By A Correspondent| Amalgamated Rural Teachers Union of Zimbabwe (ARTUZ) president Obert Masaraure has threatened to mobilise teachers to march against President Emmerson Mnangagwa’s move to extend retirement age of civil servants to 70.
Speaking to a local daily, Masaraure in the absence of co-ordinated resistance, Mnangagwa’s regime had become notorious for unilaterally making anti-poor policy decisions.
“Citizens are still to come to terms with Mthuli’s anti-poor budget which pledges to squeeze the last dollar from the poor and deliver hot air in return.
“On age limit Artuz calls for a national protest on January 14, 2025, rejecting the nonsense. The government looted pension funds and now they want to force us to work to the grave. We won’t accept that,” Masaraure said.
He said it was unreasonable to raise the pensionable age-limit, while salaries remained stagnant.
“Underpaid civil servants got more promises of salary increments than the increment itself. At the close of the year salaries still remain at a paltry US$300.
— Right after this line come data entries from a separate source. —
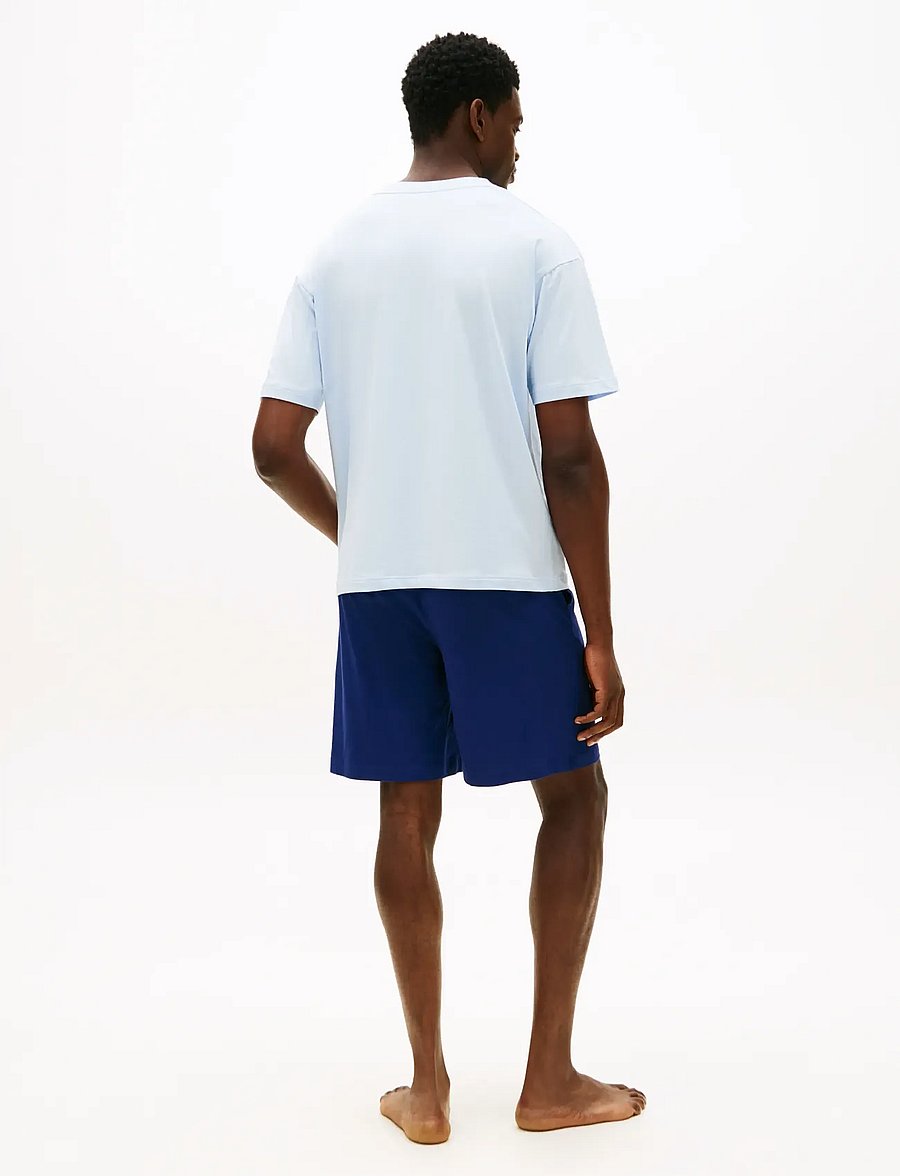 Tommy Hilfiger - SS JERSEY PJ SET - nattøj sæt - breezy blue preppy navy - 5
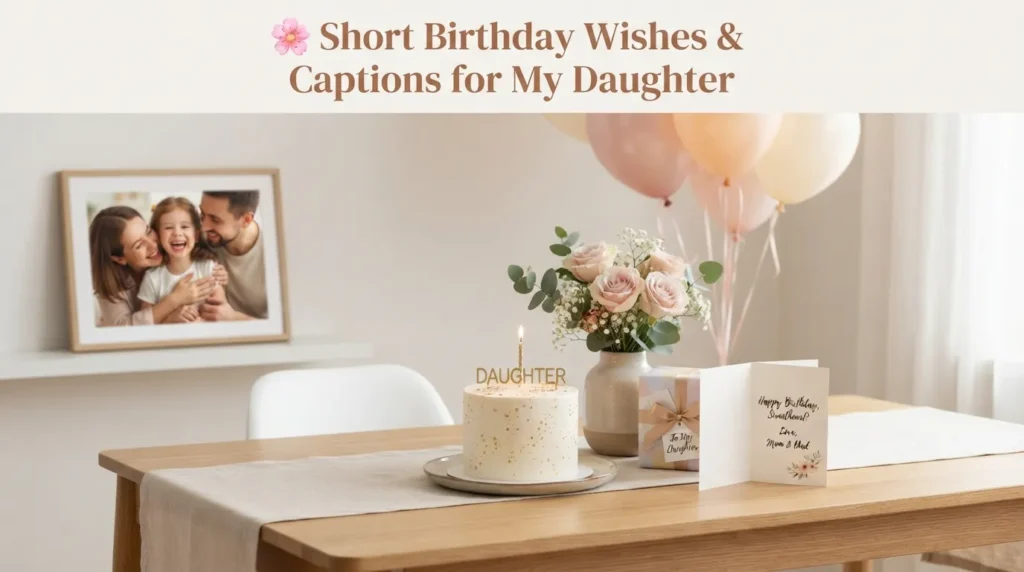 Short Birthday Wishes & Captions for My Daughter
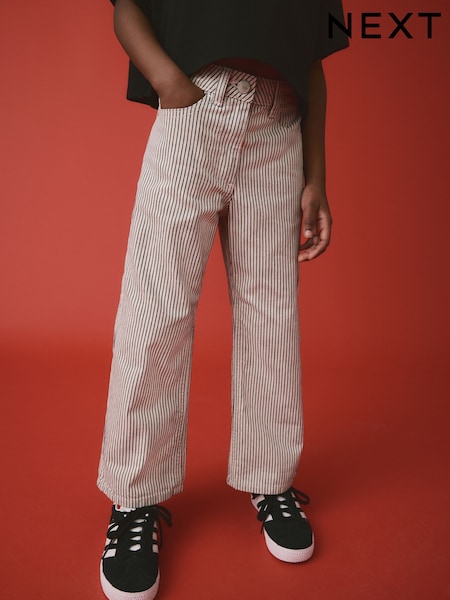 Monochrome Stripe Wide Leg Jeans (3-16yrs) (E49512) | €22.50 - €29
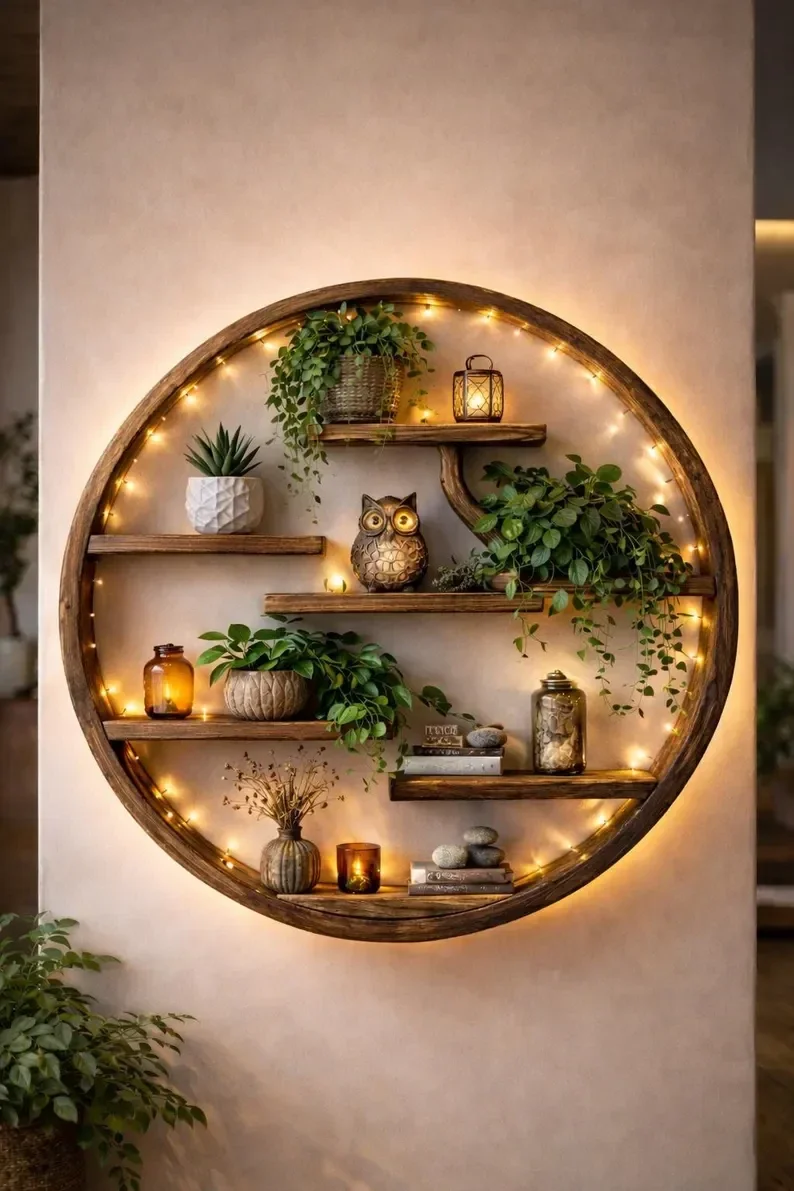 Floating Halo Display Shelf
“The underpaid civil servants are now heavily in debt and over 90% hardly take home US$200. Shockingly, as poverty levels shoot through the ceiling, the ruling elite and the politically exposed seem to be accumulating more wealth. Citizens should be forgiven for wishing colonialism back.
“Unfortunately the nightmare of Mnangagwa’s leadership appears to be set to last longer than the Constitution anticipated and, of course, what citizens had budgeted for.”
Masaraure expressed fear that the agenda to extend Mnangagwa’s term in office could be forced on the citizens, but called for total rejection of the unconstitutional raising of the pensionable age limit.